À quelques jours du tant attendu PSG – OM pour le Trophée des Champions 2025, l’ambiance monte déjà entre les deux bancs. Si la rivalité historique entre Parisiens et Marseillais garantissait déjà une tension maximale, le lieu de la rencontre – le Koweït – a ajouté un nouvel élément de discorde entre les coaches. Deux visions du football, deux philosophies bien différentes : Roberto De Zerbi prône l’attachement aux supporters, Luis Enrique se concentre uniquement sur le terrain. Analyse d’un choc aux allures de duel idéologique.

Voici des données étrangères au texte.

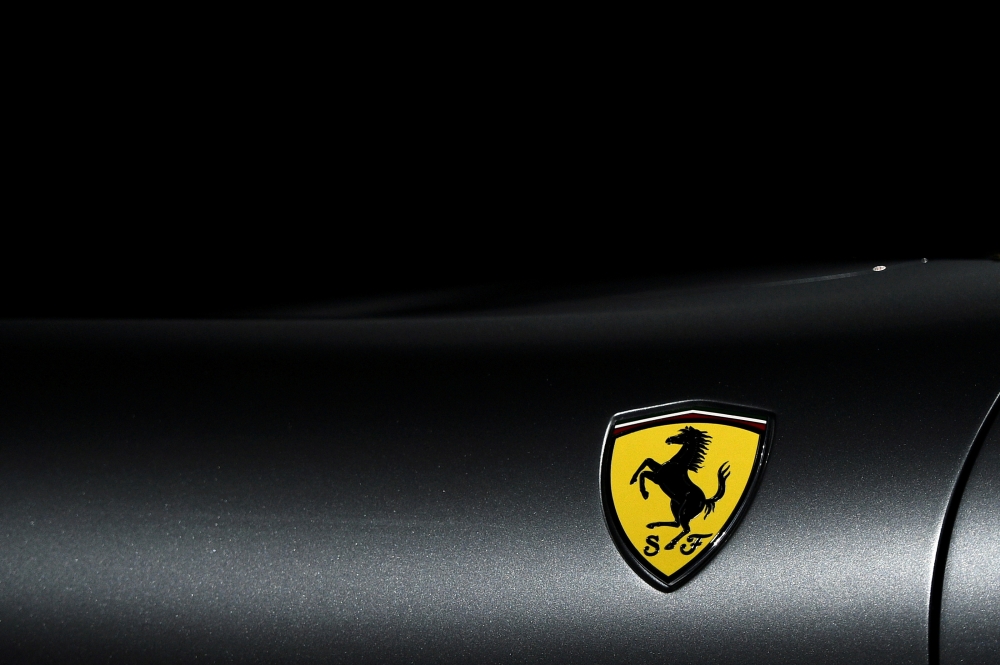 FILE PHOTO: The Ferrari logo is pictured as Ferrari Roma is unveiled during its first world presentation in Rome, Italy, November 14, 2019. REUTERS/Guglielmo Mangiapane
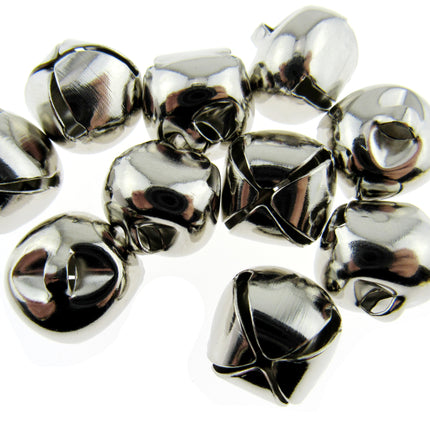 A pile of small shiny silver bells with a polished metallic finish, arranged on a plain white background.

De Zerbi, une voix pour les puristes
Déjà fortement apprécié par les supporters de l’Olympique de Marseille pour son style offensif et sa passion contagieuse, Roberto De Zerbi ne s’est pas dérobé face aux interrogations sur la localisation du Trophée des Champions. Puisque l’Olympique de Marseille, vice-champion de France 2024/25, affronte le PSG (champion et vainqueur de la Coupe de France), le duel se tiendra loin de l’Hexagone, au Koweït. Un choix que l’Italien ne digère qu’à moitié.
« Le Trophée des champions doit se jouer dans le pays des supporters », a-t-il rappelé en conférence de presse (source : OnzeMondial), précisant qu’il ne s’agissait pas d’une critique envers le Koweït mais d’un désaccord sur le principe. Pour De Zerbi, c’est l’essence populaire du football qui est en jeu. Déconnecter les supporters d’une telle affiche, surtout dans le contexte d’un OM-PSG, revient à priver le football de son âme.

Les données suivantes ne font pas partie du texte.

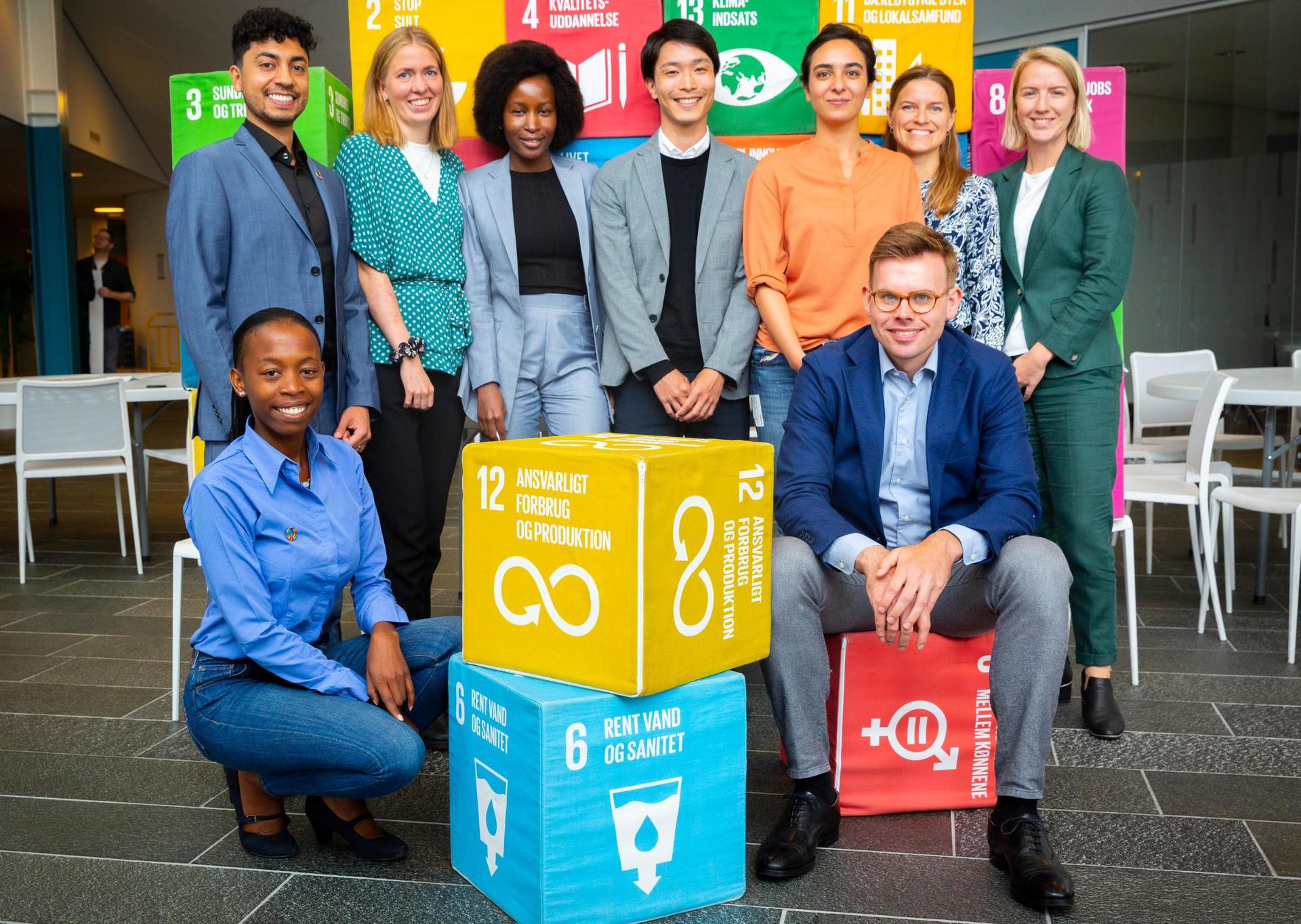 Group of people posing with large yellow and blue Sustainable Development Goals boxes.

Cette position fait écho à une réflexion plus large sur la mutation du football professionnel, où la logique commerciale tend à prendre le pas sur la ferveur populaire. En ramenant le débat sur ce terrain, De Zerbi marque des points auprès des supporters, mais interroge également sur les orientations stratégiques de la Ligue de Football Professionnel, qui privilégie les droits TV et les marchés à l’international.
PSG : Luis Enrique coupe court à la polémique
Côté parisien, Luis Enrique a choisi une ligne totalement opposée. Interrogé sur la prise de position de son homologue marseillais, l’Espagnol a répondu avec une sécheresse calculée : « Je n’en pense rien », avant d’ajouter être « très content de jouer avec le Paris Saint-Germain partout ». Une manière de clore le débat avec une clarté redoutable.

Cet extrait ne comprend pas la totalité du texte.